How do you determine the ABO blood by the two-sided method?
Gloves.
There is a tube of an unknown centrifuged blood sample with serum on top + coagulated blood at the bottom. Pipette out just the serum from the tube and place it in another empty tube. It will later be used as a control on one plate and a source of antibodies on another plate.

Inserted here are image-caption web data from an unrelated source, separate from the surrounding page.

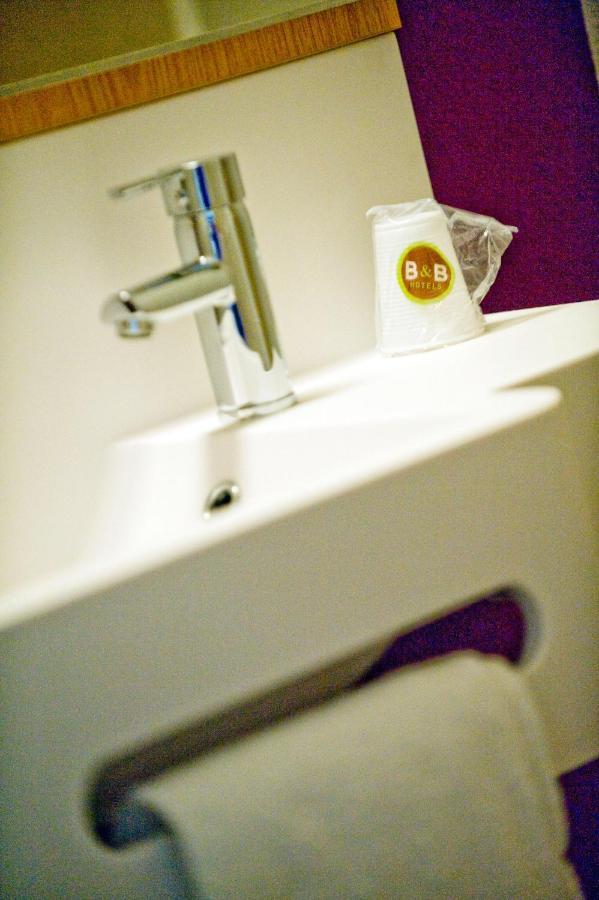 B&B Hotel Geneva Airport Vernier エクステリア 写真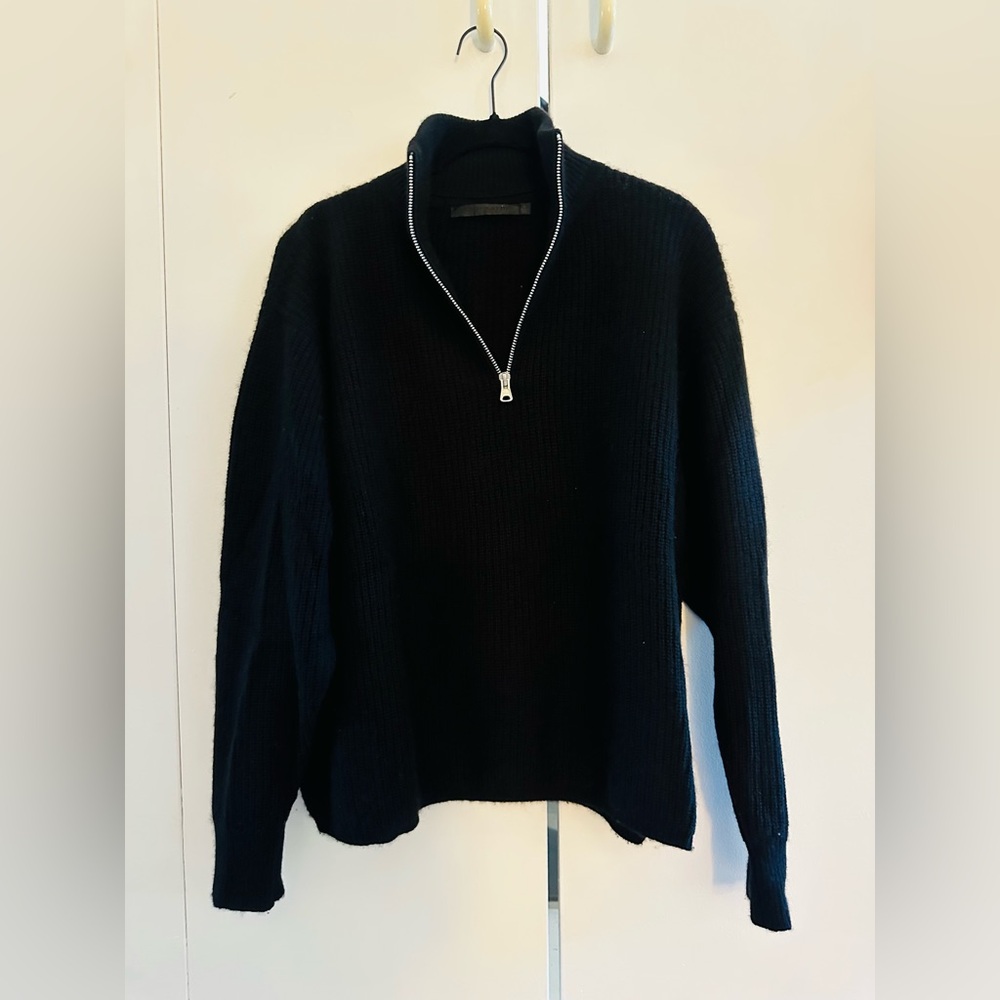 Jenni Kayne Cashmere Half Zip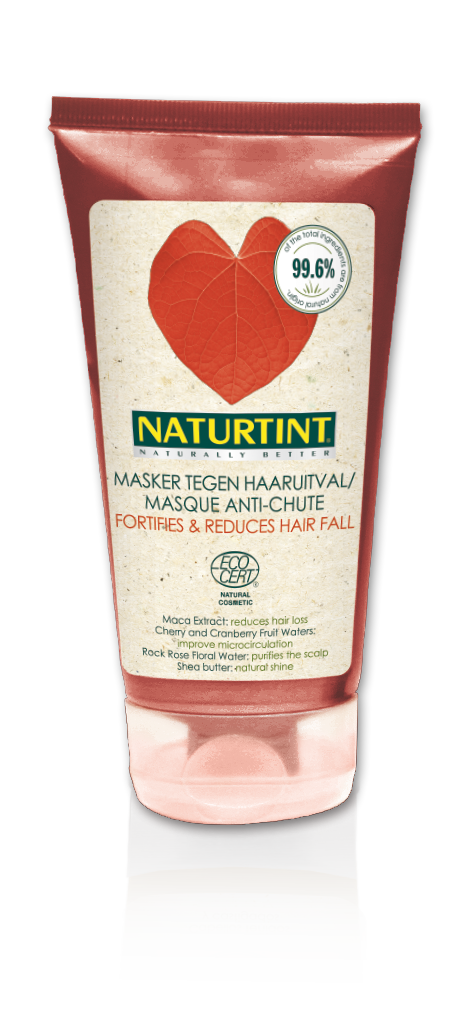 Naturtint Haarmasker haaruitval 150 Milliliter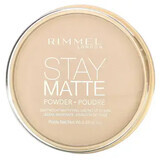 Pudra compacta Stay Matte 003, 14 g, Rimmel London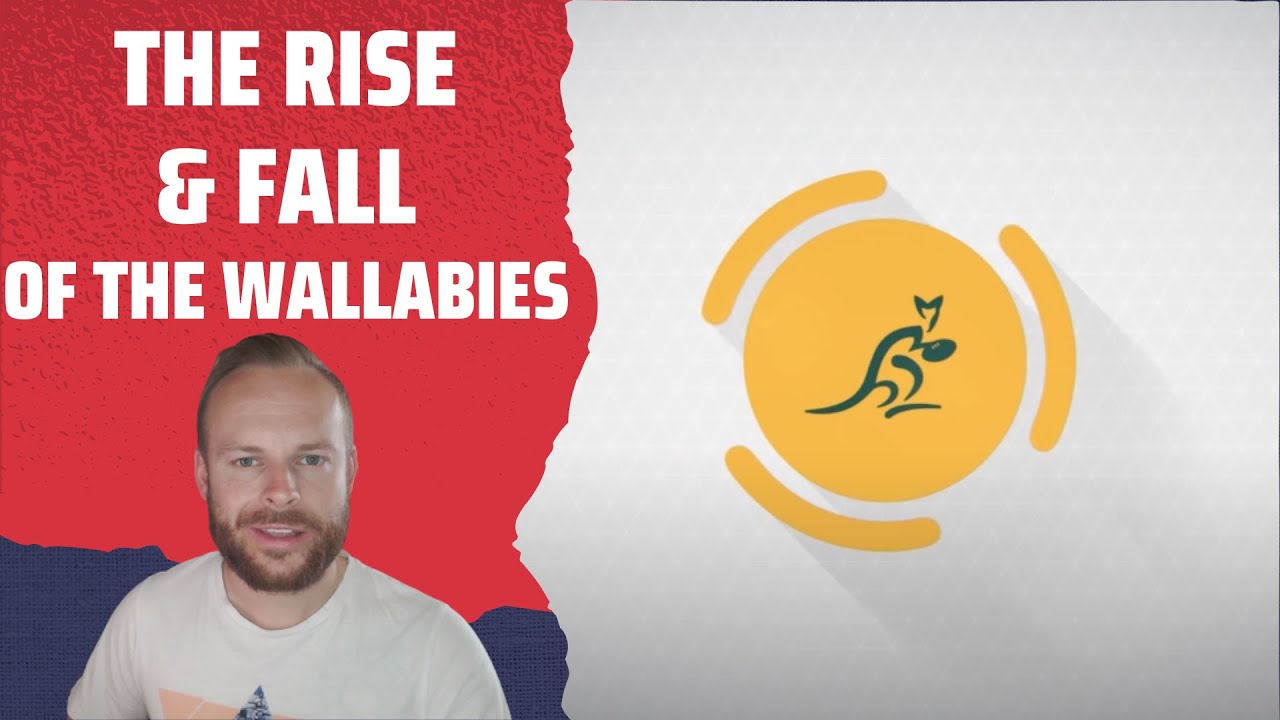 Rob Reacts to... The rise and decline of Australian Rugby Union - EXPLAINED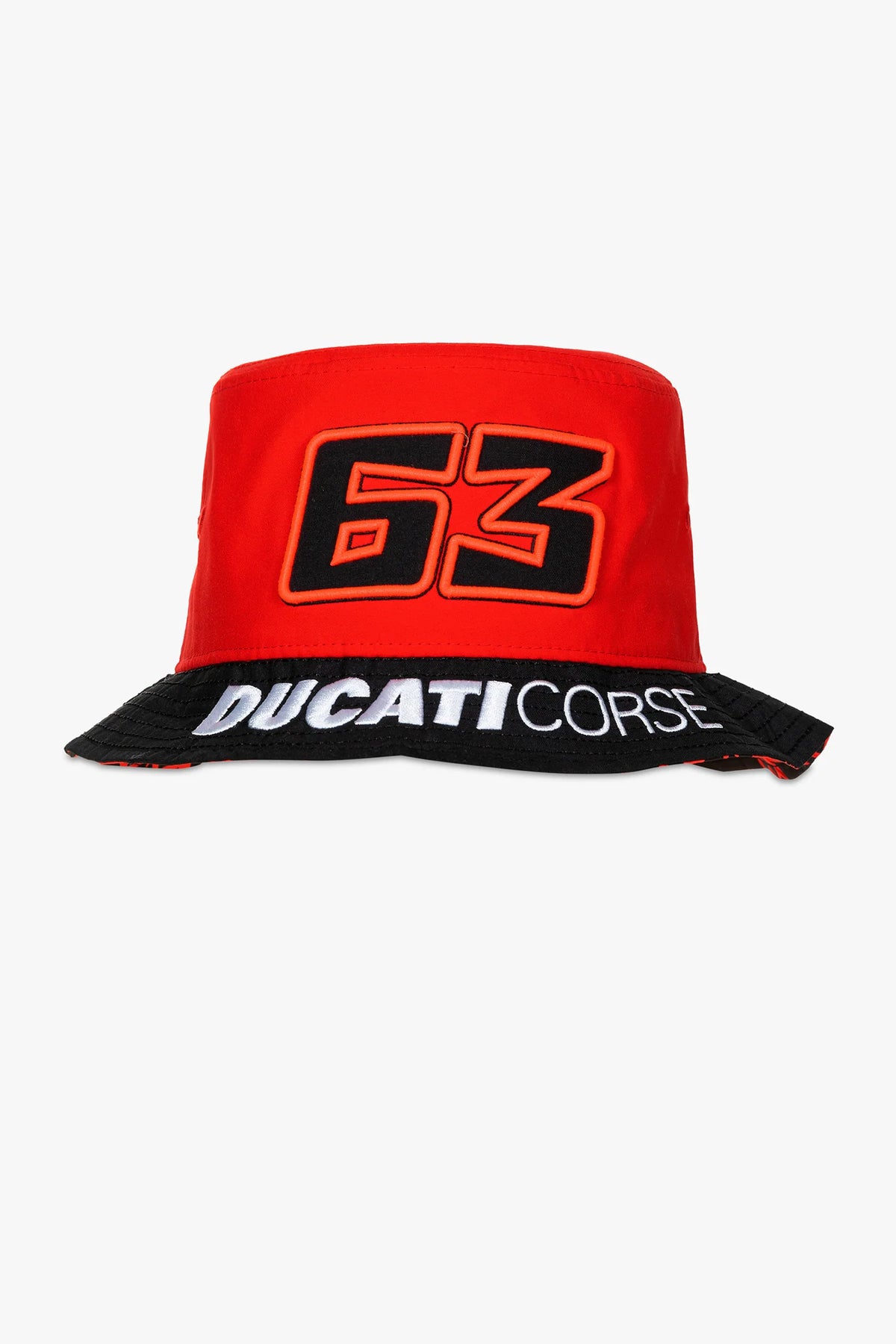 SOMBRERO DE PESCADOR DUCATI 63 BAGNAIA DBMFH467407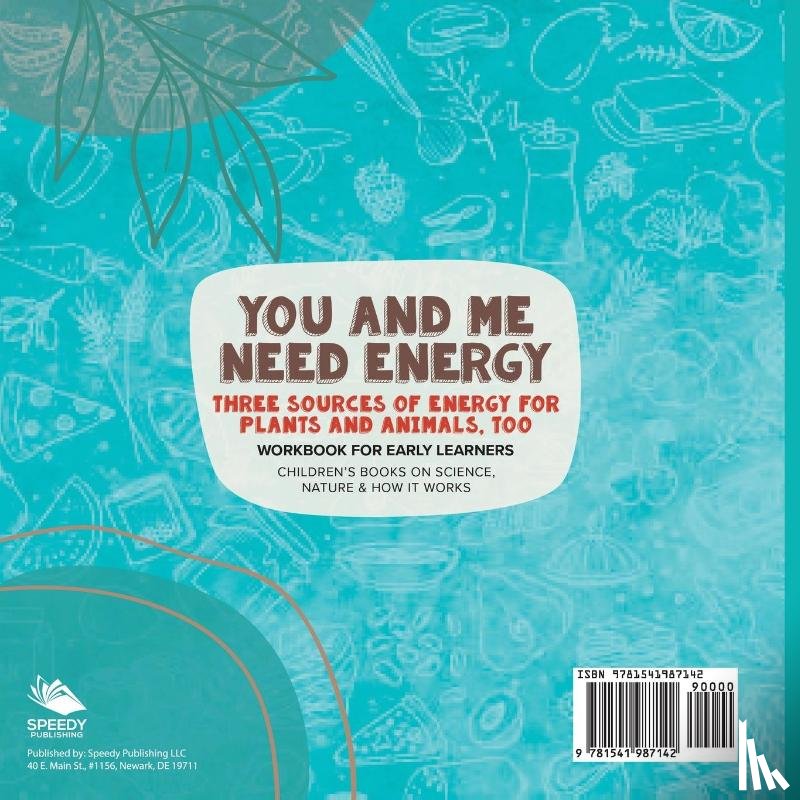 Baby - You and Me Need Energy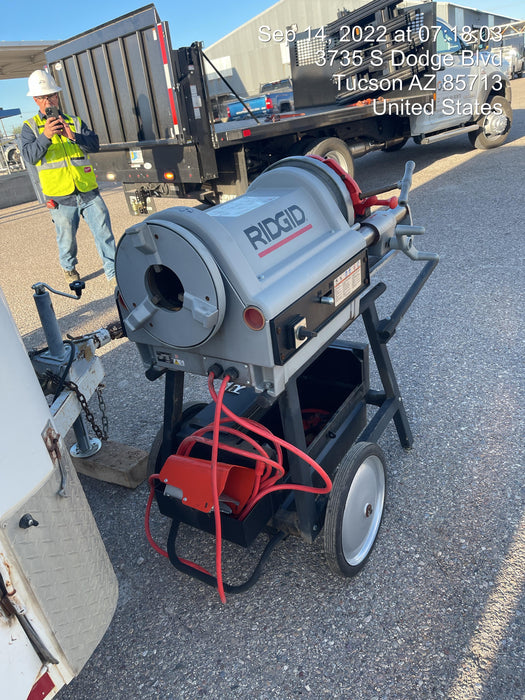 2021 RIDGID 1224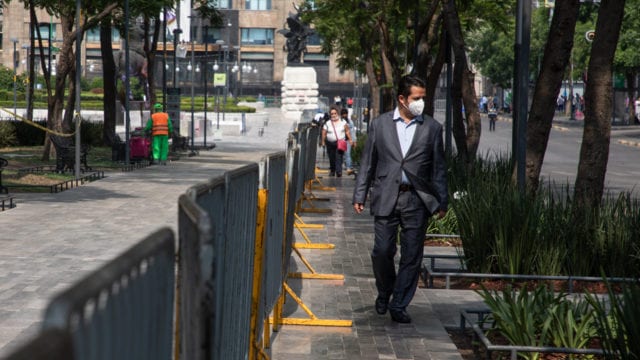 Foto: Cortesía Semáforo COVID en México: en este nivel estará tu estado del 23 de noviembre al 6 de diciembre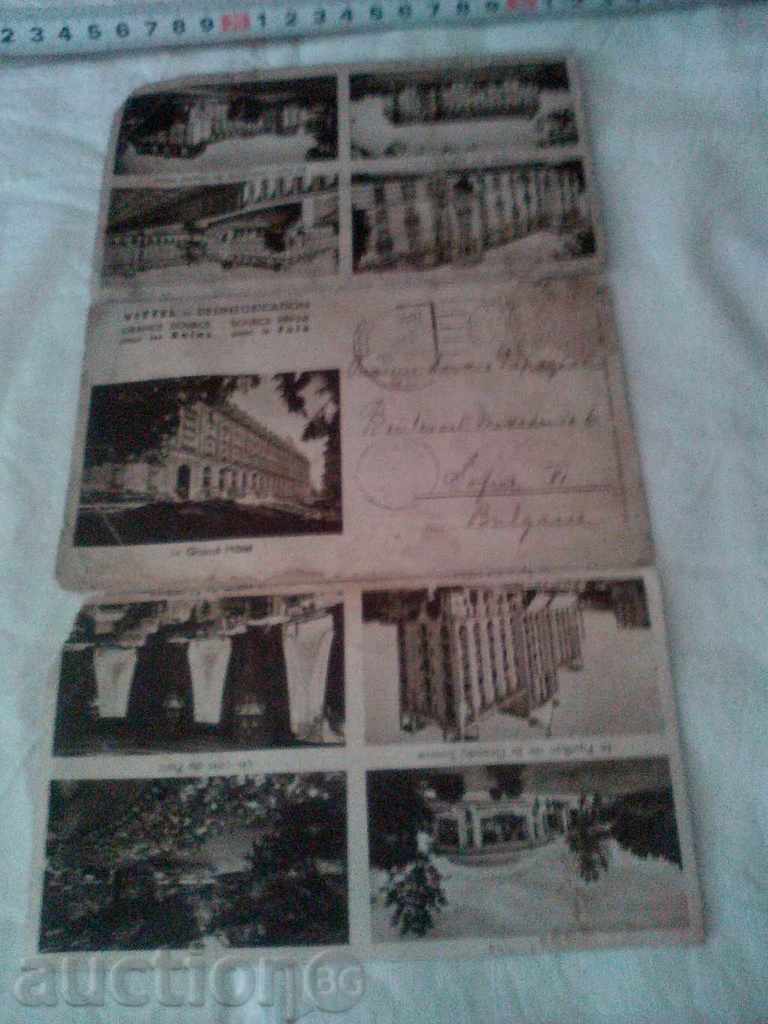 LIS GRANDS HOTELS DE VITTEL - 5 LIS GRANDS HOTELS DE VITTEL - 5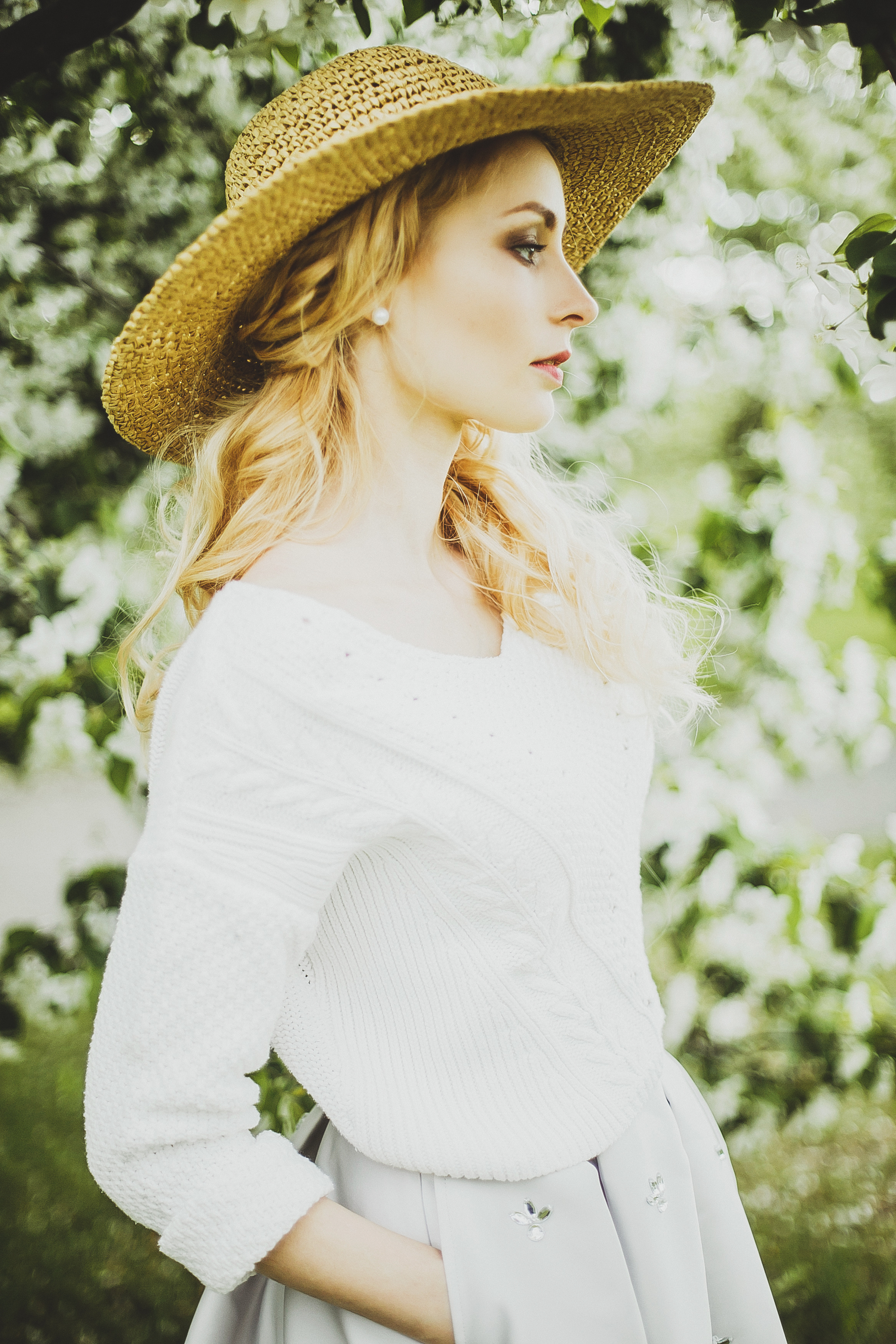 Людмила. Фотограф Полина Егорова город Тюмень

Theory: The difference between “plasma” and “serum” is that plasma contains both serum and
clotting factors because it is removed from blood that has been treated with anticoagulants +
then centrifuged. Serum is removed from blood samples that are allowed to clot before
centrifuging and thus all the clotting factors have been used up in the clotting process and no
longer remain in the serum.
Stir the RBC solution. Add 1 ml of saline with 3 drops of unknown sample into an emty tube.
PLATE PREPARATION: There are two plates on the table: one with labels for antibodies and another with labels for blood types.
1: On the antibodies plate, under the appropriate labels, add a couple drops of anti-A, anti-B, anti-AB and the serum you previously set aside.
2: On the blood types plate, add a couple drops of the pre-prepared known A, B and O cell suspensions under the labels.
This test checks for the presence of antigens in the unknown diluted cell suspension sample (via the antibodies plate) as well as the presence of antibodies in the unknown serum (via the blood types plate) and is thus “two-sided” and more accurate.
How do we perform acid-base with the Siggaard-Adnersen nonogram? Normal values of pH, HCO3, Pco2 first
pH: 7,35-7,45
Pco2: 40 mmHg
HCO3: 22-26 mM
First plot the points with the x/y coordinates of the give pH/Pco2 values and draw a line between them. This is the so-called isobicarbonate line.
Standard bicarbonate: Bicarbonate at normal temperature (37) and PCO2 (40 mmHg). Abnormally high or low values indicate metabolic alkalosis or acidosis, respectively.
Standard pH: pH at normal temperature and PCO2
ECG: Recording and analyzing
Put some gel on the electodes. Right arm: Red
Left arm: Yellow
Left leg: Greean
Rigth leg: Black
Human pulmonary lab
3 modes: FVC (dynamic), IVC (static) and MVV
Inspiratory vital capacity (IVC): the maximum volume of air inhaled from the point of maximum expiration
Forced vital capacity (FVC): the determination of the vital capacity from a maximally forced expiratory effort.
Forced expiratory flow (FEF) is the flow (or speed) of air coming out of the lung during the middle portion of a forced expiration. It can be given at discrete times, generally defined by what fraction remains of the forced vital capacity (FVC). The usual intervals are 25%, 50% and 75% (FEF25, FEF50 and FEF75), or 25% and 50% of FVC.
FEV1/FVC = Tiffeneau index: should be approximately 70–85% in healthy adults, lower value indicates pathology
MVV: Average values for males and females are 140–180 and 80–120 liters per minute respectively.